A deal has been proposed between the US and the EU over data sharing, intended to ensure the safety of EU citizens’ data when transferred to the United States.
The EU-US Privacy Shield replaces the ‘Safe Harbor’ agreement, which was challenged by Austrian law student Max Schrems in light of revelations by Edward Snowdon that the data of EU citizens was routinely accessed by security agencies in the US. Vera Jourová, the European Commissioner for Justice, explained that the US had given “binding assurances that the access of public authorities for national security purposes will be subject to clear limitations, safeguards and oversight mechanisms.” The deal includes an annual review of the effectiveness of those assurances and the setting up of a new US body responsible for investigating EU data protection complaints.

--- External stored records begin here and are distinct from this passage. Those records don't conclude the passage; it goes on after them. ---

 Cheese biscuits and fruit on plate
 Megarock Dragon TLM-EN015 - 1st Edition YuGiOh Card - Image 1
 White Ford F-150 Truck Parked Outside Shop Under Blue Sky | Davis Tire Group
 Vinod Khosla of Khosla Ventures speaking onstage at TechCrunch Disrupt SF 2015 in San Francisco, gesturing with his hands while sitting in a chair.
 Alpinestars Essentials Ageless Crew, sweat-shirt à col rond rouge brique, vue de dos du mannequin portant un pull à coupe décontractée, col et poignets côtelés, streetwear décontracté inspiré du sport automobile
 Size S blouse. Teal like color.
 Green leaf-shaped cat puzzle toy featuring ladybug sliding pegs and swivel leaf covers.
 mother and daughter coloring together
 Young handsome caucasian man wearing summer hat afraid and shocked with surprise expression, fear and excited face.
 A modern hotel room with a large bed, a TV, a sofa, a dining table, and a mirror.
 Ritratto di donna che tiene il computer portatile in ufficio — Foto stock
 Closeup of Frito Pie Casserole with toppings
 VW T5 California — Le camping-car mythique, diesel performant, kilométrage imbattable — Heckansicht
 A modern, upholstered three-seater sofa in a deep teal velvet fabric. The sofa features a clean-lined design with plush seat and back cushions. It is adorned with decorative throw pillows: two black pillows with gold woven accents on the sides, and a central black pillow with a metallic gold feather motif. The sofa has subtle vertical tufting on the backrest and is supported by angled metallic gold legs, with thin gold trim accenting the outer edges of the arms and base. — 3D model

The deal is likely to be welcomed by service providers such as Facebook and Google, as it ensures the easy transfer of data outside of the EU to companies who follow the new rules, which are intended to provide an equivalent level of protection for EU citizens as found within the EU itself. However, many will wait and see whether the deal proves robust in the face of potential further legal challenges, as it does not prevent authorities in the US from accessing data – instead merely subjecting them to ‘limitations’. Data can still be accessed where the authorities consider it ‘necessary and proportionate’, leaving open the possibility that privacy will not be protected in a meaningful way.
Before being formally adopted, the agreement is subject to a short consultation period in which the 28 national data protection authorities (Article 29 Working Party) will advise on the details.